The area that causes a lot of people confusion is freight trains.  Freight companies (under the current system) must ask Network Rail to release the head codes of their trains in the data feeds that go out to websites like RealTimeTrains and OpenTrainTimes.  If they don't they are scrambled for security (although nobody in Network Rail at any level can yet explain to me why this happens).  Currently on GBRf have requested this, so all GBRf operated freights show the right head code.  All others (DBC, DRS, Colas, DCR) show a scrambled head code.  While this gives some information it is totally useless in the main! 

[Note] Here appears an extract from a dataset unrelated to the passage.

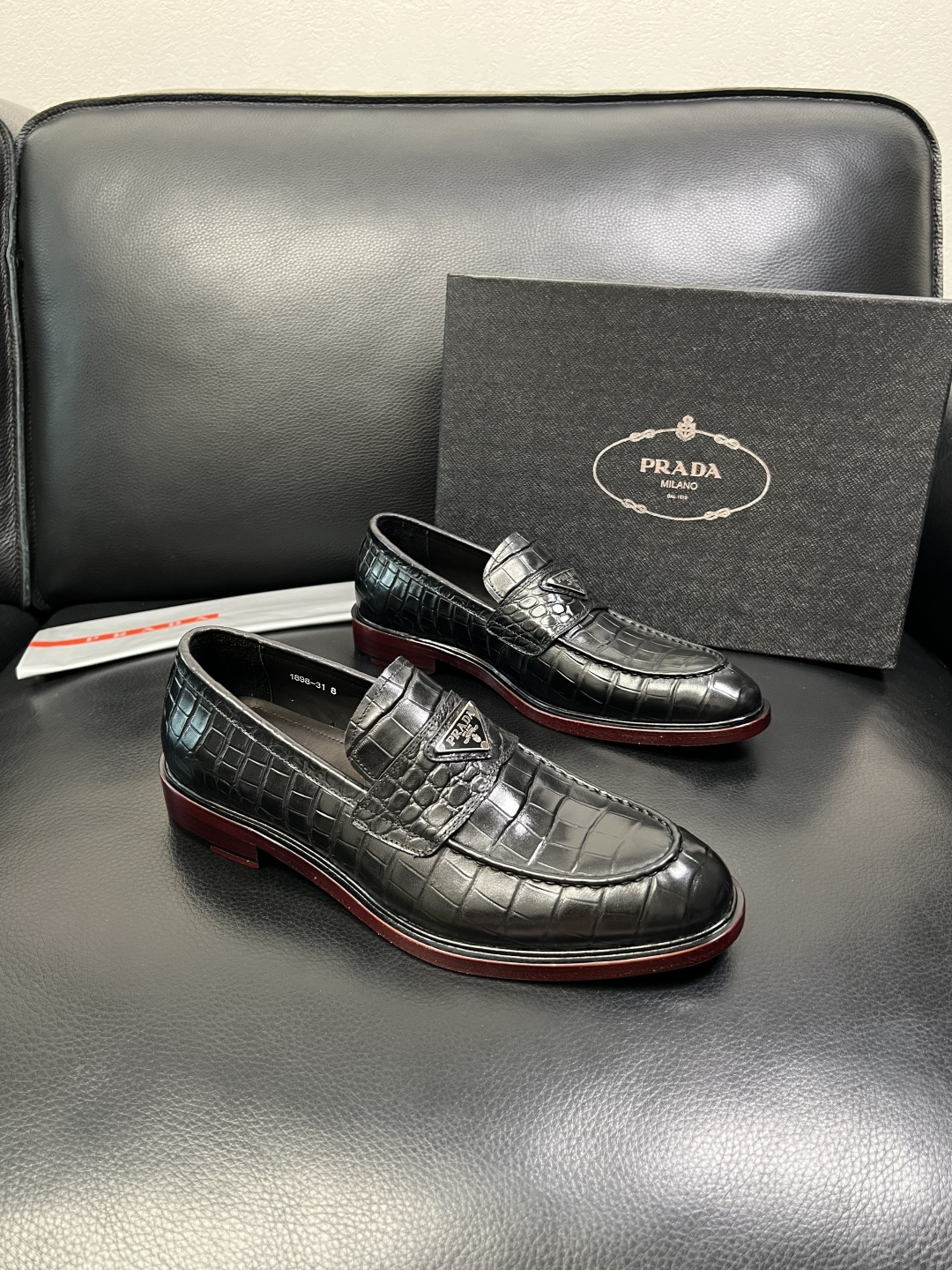 PRADA 高品质 顶级工艺品 普拉达 皮鞋专柜同步 原厂配置，意大利进口原版牛皮面料，透气舒适进口水染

The scrambling works by keeping the initial digit, the classification, the same  - so a train with the head code 6Y10 for example will have a scrambled code that still starts with a 6, but the process then creates a random unofficial head code for THAT day, such as 694G.  This means nothing to nobody, it has no reference, cannot be linked back to anything and is purely given to the timetable path for that working on that day.  If the same 6Y10 path runs the next day, it will likely get a different scrambled code, perhaps 638Y.  Other than knowing it is a Class 6, and therefore a freight, it has no use to anyone, and shouldn't be quoted in a captions or references, as it literally is throw away info!

Hope that helps, rather than confuses.